In a recent case, the Full Court of the Family Court (the Appeal Court) considered a case where a Family Court Judge had ordered that neither party remove the children from Australia without the written consent of the other party or an Order of the Court, and that the children’s names be placed on the Watch List. The Watch List prevents children from leaving Australia and operates in all international airports and overseas shipping terminals.
The mother appealed, as she wished to take the children to visit family members in Europe.
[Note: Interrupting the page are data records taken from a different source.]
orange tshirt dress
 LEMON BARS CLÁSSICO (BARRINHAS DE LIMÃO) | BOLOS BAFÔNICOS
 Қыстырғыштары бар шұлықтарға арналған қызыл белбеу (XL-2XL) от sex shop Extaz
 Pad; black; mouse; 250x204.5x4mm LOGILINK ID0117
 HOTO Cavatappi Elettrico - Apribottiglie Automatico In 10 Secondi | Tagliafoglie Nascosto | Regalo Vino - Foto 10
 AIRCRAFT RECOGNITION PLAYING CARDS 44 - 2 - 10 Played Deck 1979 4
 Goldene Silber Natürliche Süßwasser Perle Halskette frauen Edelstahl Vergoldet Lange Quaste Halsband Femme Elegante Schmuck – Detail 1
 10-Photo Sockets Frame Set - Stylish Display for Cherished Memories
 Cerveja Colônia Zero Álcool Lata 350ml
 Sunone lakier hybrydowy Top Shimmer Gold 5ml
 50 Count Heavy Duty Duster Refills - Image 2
The Full Court decided that the Trial Judge had not given adequate reasons which would allow the parties to understand why he had decided that the risk of the mother not returning the children to Australia was too great. The Full Court said that the degree of risk that the departing parent would choose not to return to Australia, the existence or otherwise of the departing parent’s continuing ties with Australia and the strength of the departing parent’s possible motives not to return to Australia were factors the trial judge should have considered.
Further, the Court must consider whether the country to which the departing parent is taking the children has signed The Hague Child Abduction Convention, which allows children to be recovered from those countries.
The financial circumstances of both parties need to be considered – for example, whether the departing parent would suffer financial hardship by the Court requiring that they provide a security bond to pay for the return of the children, as compared with the hardship that the non-departing parent would suffer if the security was fixed at a lower level and that parent was required to find additional funds to return the children to Australia.
In the end, the Full Court allowed the mother to take the children overseas.